SUPPLIED DATA:
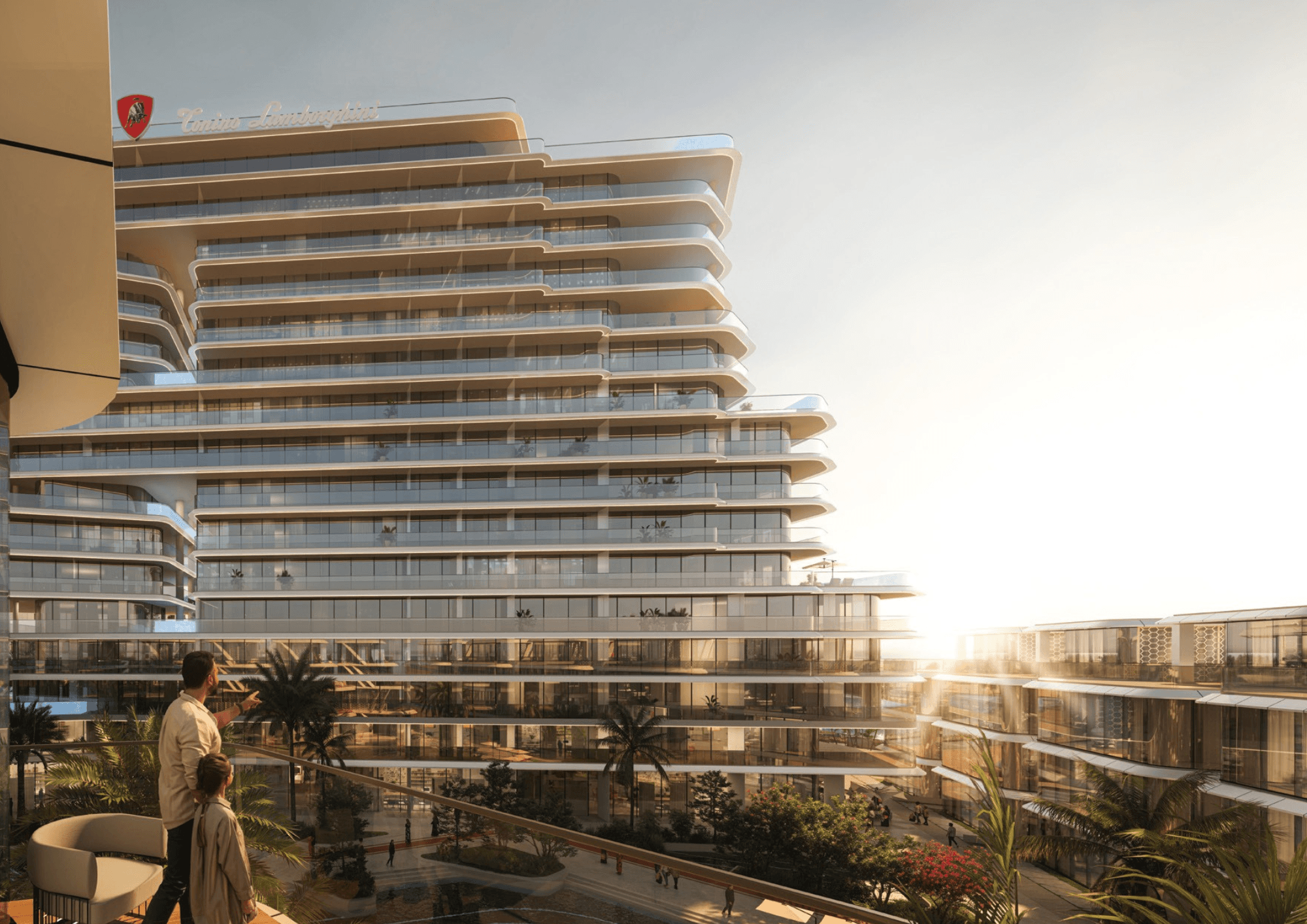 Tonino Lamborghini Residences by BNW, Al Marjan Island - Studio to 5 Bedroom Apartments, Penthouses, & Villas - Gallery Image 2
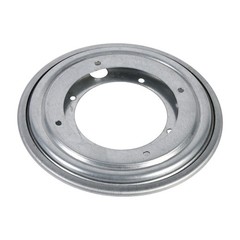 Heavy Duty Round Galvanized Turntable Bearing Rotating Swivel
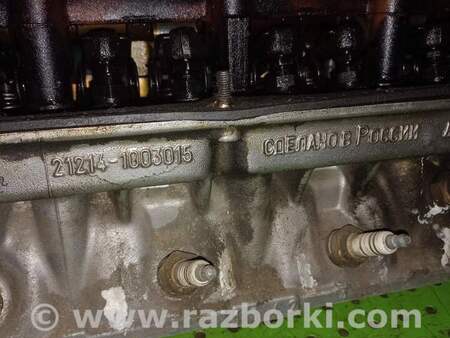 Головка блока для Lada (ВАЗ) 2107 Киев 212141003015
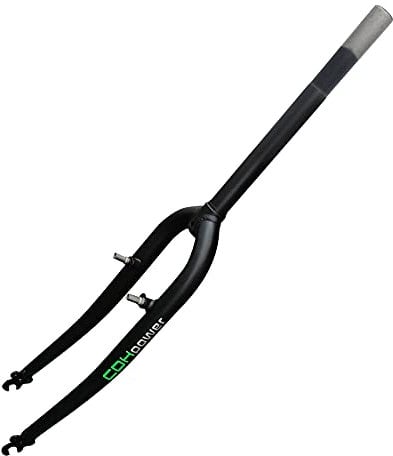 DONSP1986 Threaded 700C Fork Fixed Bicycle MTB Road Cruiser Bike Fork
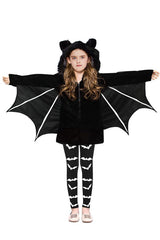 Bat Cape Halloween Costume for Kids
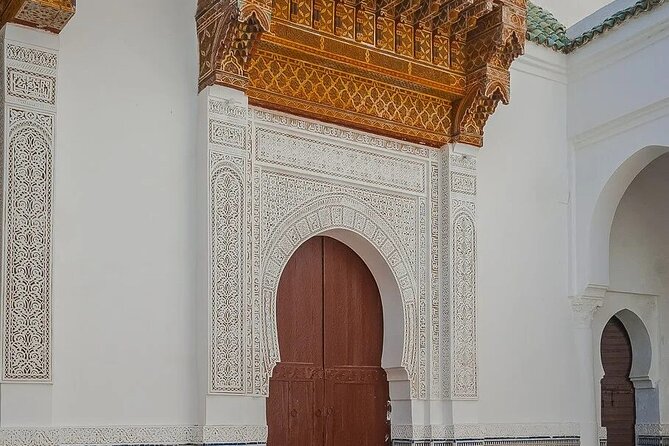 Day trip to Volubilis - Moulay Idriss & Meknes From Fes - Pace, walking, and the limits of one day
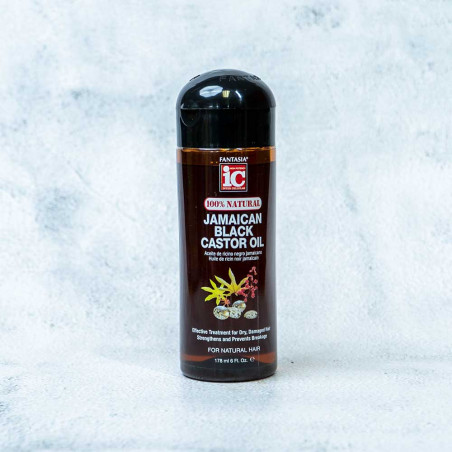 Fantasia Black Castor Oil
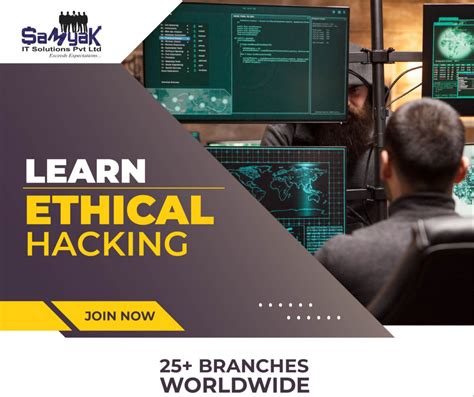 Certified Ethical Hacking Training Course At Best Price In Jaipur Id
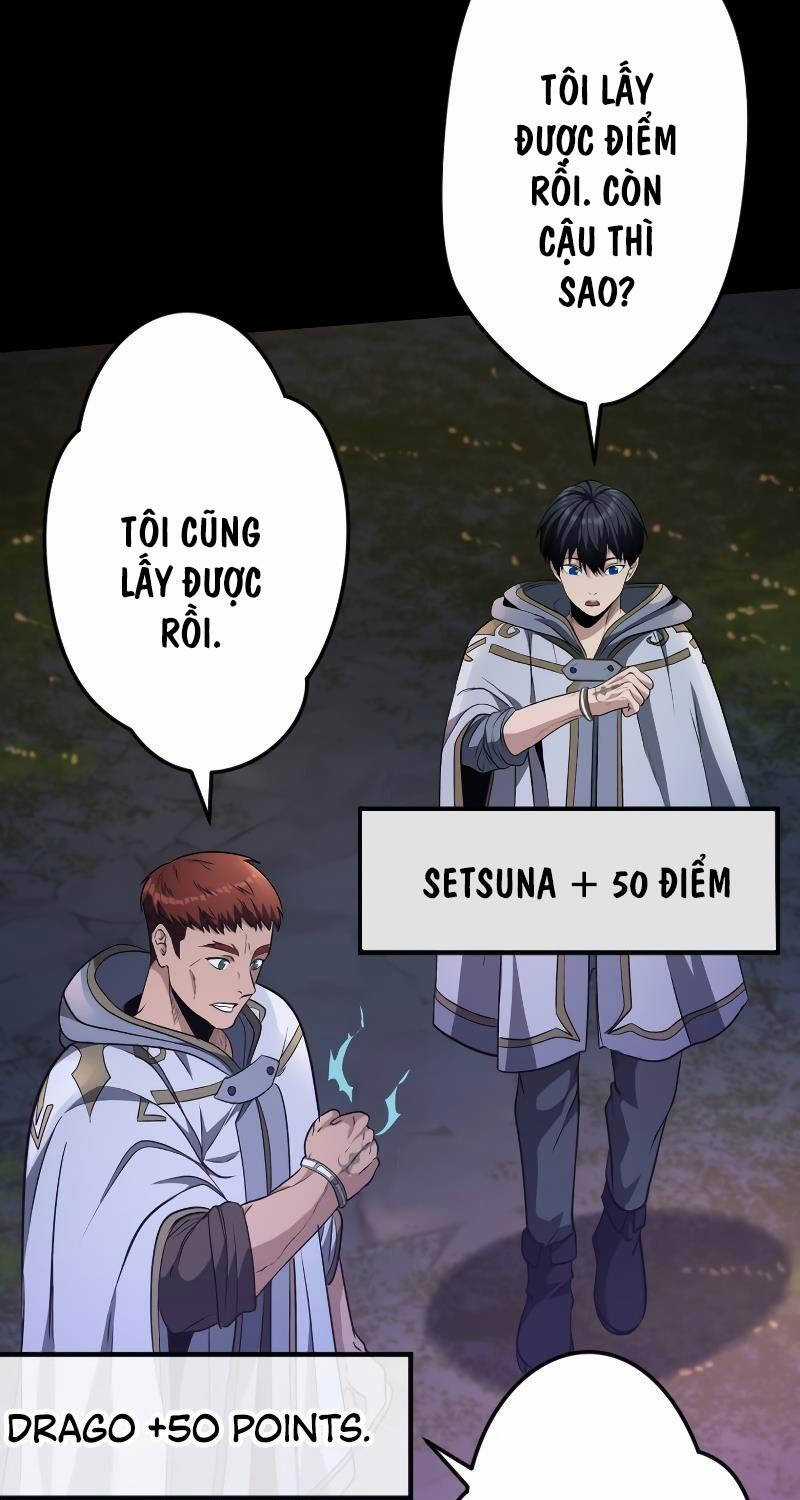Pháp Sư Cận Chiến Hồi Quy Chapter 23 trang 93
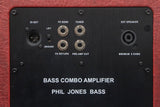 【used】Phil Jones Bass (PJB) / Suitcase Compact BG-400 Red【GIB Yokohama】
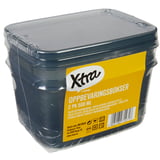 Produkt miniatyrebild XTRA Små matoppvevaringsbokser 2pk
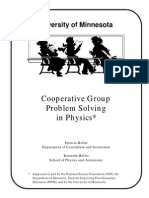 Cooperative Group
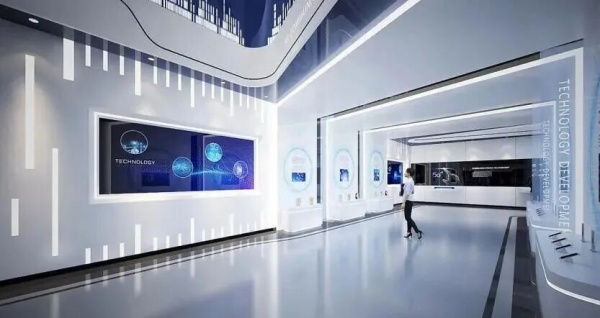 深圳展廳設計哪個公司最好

--

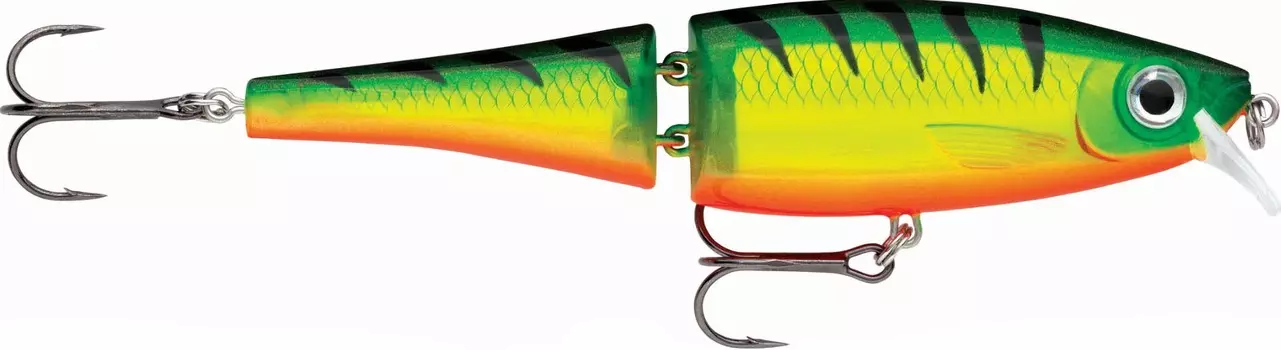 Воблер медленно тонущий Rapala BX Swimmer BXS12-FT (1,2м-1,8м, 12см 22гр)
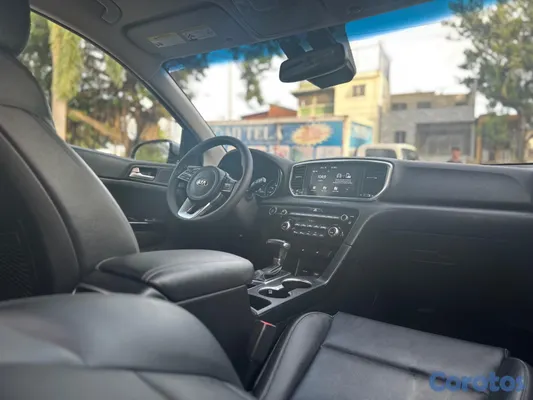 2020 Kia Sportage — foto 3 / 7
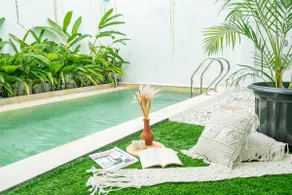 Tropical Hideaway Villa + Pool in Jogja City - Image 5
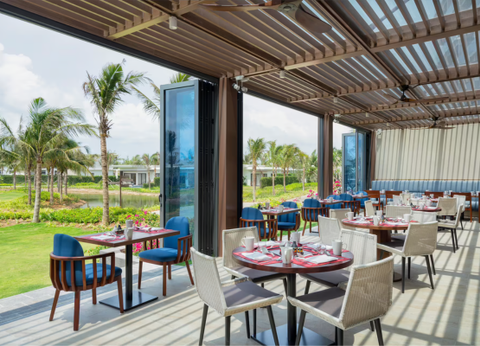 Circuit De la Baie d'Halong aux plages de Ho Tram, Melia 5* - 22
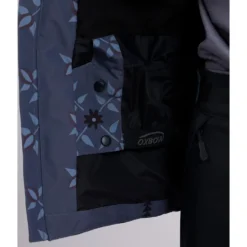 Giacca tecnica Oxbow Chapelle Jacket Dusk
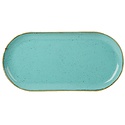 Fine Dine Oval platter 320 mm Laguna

==

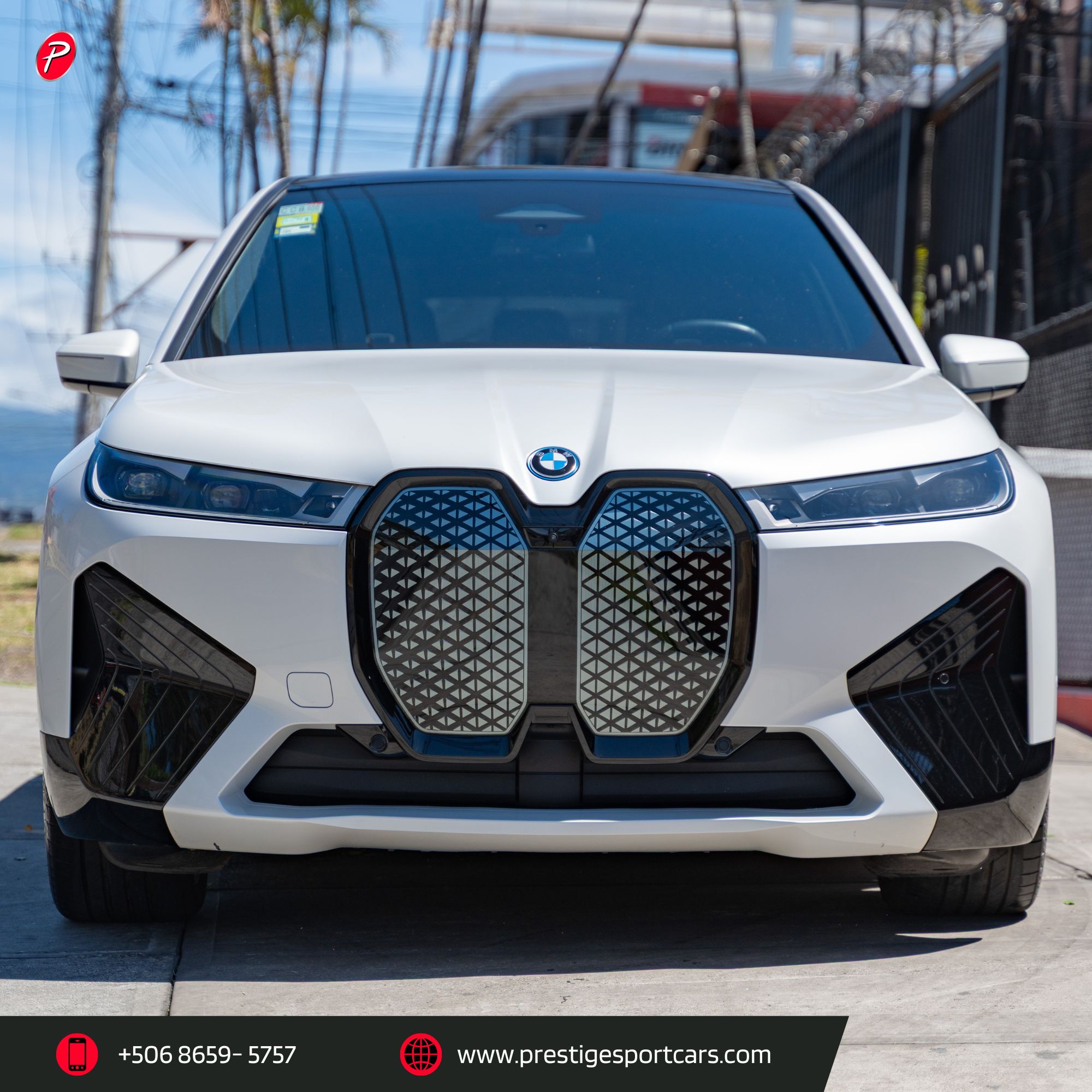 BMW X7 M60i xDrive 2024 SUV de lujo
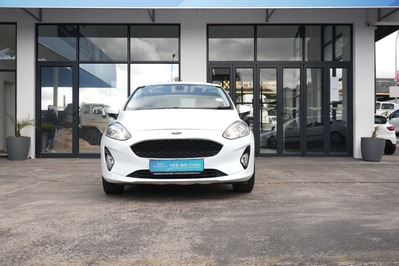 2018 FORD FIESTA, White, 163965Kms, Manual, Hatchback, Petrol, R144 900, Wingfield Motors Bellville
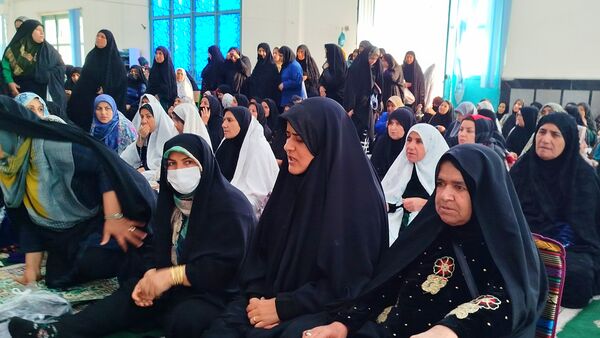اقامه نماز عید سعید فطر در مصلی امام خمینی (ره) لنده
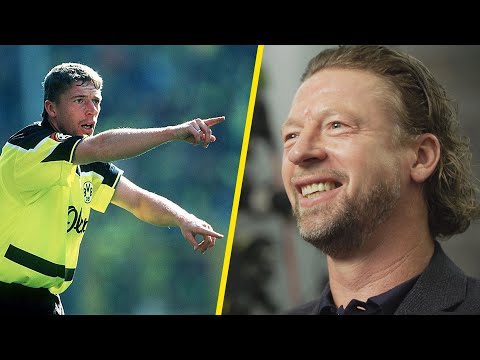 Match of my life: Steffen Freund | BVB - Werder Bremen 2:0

WHAT TO DO: Range to copy from the listing above: the line containing "Wingfield Motors Bellville" down to the line containing "Match of my", both included. Reproduce it exactly, minus the pictures, and add nothing.

RESULT BELOW:
 2018 FORD FIESTA, White, 163965Kms, Manual, Hatchback, Petrol, R144 900, Wingfield Motors Bellville
اقامه نماز عید سعید فطر در مصلی امام خمینی (ره) لنده
 Match of my life: Steffen Freund | BVB - Werder Bremen 2:0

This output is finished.